**TASK TO CARRY OUT:** What lines in this listing contain the string "patterned"? Report each one by copying it.
------------
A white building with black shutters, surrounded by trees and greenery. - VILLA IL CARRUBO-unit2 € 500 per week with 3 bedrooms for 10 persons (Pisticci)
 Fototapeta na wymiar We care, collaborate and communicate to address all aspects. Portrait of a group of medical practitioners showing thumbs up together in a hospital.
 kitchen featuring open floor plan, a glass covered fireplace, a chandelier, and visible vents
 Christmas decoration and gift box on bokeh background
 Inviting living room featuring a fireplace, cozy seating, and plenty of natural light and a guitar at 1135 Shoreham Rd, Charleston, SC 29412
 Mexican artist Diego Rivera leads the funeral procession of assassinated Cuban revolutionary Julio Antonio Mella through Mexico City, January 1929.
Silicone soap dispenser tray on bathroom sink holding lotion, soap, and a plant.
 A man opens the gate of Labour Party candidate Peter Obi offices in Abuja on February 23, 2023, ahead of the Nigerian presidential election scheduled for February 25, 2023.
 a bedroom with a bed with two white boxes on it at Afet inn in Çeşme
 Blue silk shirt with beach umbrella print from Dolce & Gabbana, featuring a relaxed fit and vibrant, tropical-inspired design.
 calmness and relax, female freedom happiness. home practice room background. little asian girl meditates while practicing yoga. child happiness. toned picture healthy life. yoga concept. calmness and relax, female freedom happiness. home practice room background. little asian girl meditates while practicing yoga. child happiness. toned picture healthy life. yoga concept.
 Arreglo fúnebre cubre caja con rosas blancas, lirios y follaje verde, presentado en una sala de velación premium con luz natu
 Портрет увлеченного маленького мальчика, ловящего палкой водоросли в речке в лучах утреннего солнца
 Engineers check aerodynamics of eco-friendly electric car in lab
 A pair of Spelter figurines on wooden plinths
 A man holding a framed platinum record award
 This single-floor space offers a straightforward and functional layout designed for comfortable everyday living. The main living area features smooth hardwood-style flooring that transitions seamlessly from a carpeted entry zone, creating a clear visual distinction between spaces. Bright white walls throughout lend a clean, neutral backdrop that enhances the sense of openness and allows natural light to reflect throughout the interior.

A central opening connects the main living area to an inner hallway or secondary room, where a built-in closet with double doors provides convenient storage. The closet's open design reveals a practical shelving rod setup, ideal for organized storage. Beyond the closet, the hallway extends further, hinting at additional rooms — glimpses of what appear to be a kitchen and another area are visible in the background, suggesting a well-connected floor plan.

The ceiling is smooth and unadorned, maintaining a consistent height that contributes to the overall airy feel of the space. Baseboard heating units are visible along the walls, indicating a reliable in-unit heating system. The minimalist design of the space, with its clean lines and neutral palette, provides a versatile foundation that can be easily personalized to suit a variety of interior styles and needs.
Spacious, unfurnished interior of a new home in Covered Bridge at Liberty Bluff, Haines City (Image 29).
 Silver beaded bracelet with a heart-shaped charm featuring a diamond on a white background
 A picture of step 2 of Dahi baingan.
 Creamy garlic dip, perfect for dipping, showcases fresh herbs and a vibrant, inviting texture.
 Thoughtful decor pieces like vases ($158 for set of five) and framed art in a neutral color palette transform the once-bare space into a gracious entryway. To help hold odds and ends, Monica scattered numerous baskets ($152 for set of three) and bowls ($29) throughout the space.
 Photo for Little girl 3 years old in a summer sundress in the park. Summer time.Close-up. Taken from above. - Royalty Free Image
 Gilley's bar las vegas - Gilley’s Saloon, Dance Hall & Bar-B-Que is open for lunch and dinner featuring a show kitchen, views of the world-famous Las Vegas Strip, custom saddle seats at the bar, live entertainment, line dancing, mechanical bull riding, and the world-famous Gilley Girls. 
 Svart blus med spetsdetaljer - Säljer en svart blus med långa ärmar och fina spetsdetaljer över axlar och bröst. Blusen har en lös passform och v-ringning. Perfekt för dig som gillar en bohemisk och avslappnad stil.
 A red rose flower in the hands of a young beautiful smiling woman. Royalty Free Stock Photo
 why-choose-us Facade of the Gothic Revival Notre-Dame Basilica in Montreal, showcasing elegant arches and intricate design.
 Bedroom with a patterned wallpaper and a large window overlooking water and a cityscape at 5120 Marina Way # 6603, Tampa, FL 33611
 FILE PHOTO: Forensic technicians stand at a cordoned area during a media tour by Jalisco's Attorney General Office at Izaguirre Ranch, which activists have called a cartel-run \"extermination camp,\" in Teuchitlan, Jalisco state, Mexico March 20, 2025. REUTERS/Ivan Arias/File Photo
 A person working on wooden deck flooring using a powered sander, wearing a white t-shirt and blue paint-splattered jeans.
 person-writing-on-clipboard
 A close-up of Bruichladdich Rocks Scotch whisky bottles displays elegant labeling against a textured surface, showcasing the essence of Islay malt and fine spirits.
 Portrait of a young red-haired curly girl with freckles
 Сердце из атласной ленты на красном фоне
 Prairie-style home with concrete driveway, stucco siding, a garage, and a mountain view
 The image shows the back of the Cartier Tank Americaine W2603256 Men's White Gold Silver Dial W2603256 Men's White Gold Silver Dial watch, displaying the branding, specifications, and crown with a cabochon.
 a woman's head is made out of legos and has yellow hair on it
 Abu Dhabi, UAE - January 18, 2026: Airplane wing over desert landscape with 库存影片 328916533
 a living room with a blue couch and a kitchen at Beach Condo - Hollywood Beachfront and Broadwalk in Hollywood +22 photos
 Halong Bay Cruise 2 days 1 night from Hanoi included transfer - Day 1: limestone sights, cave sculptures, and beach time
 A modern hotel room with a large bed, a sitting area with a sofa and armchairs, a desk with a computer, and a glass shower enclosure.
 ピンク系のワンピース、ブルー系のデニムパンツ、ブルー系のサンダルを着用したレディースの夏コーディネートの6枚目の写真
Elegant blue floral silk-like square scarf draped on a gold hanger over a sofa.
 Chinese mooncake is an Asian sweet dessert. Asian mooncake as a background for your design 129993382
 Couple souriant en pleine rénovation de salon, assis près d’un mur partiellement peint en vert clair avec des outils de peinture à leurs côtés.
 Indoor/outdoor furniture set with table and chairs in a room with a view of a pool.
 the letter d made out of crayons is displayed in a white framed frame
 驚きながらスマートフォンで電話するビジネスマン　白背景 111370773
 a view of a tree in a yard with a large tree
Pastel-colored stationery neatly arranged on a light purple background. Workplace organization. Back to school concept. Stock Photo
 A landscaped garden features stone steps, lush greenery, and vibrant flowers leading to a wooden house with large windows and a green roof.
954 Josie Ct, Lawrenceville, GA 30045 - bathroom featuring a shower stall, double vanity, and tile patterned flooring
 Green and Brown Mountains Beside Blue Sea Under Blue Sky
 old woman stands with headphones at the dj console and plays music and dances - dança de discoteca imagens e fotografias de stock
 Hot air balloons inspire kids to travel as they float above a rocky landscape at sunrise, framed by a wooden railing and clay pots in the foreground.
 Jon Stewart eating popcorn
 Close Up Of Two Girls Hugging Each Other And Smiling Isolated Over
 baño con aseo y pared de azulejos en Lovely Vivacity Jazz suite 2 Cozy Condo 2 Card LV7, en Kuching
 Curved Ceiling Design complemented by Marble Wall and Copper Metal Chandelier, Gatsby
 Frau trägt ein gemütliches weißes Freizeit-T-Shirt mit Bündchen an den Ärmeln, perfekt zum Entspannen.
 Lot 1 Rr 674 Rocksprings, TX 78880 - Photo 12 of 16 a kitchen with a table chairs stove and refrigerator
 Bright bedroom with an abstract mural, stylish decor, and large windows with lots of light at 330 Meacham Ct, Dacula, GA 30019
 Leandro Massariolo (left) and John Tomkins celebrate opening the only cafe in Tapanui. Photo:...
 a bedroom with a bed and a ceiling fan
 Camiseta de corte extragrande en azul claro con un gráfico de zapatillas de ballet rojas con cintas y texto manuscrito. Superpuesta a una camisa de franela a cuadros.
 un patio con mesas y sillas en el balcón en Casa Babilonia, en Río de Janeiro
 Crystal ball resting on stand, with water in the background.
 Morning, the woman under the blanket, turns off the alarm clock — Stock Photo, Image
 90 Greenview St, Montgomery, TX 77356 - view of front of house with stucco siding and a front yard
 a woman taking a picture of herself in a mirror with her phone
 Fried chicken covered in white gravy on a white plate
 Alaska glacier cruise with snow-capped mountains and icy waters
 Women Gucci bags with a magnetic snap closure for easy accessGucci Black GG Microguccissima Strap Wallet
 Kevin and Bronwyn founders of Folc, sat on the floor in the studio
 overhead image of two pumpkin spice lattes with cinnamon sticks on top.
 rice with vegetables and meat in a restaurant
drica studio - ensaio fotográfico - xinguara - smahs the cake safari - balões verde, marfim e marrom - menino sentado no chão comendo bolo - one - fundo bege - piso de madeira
------------
**SOLUTION FOR THIS EXERCISE:**
 Bedroom with a patterned wallpaper and a large window overlooking water and a cityscape at 5120 Marina Way # 6603, Tampa, FL 33611
954 Josie Ct, Lawrenceville, GA 30045 - bathroom featuring a shower stall, double vanity, and tile patterned flooring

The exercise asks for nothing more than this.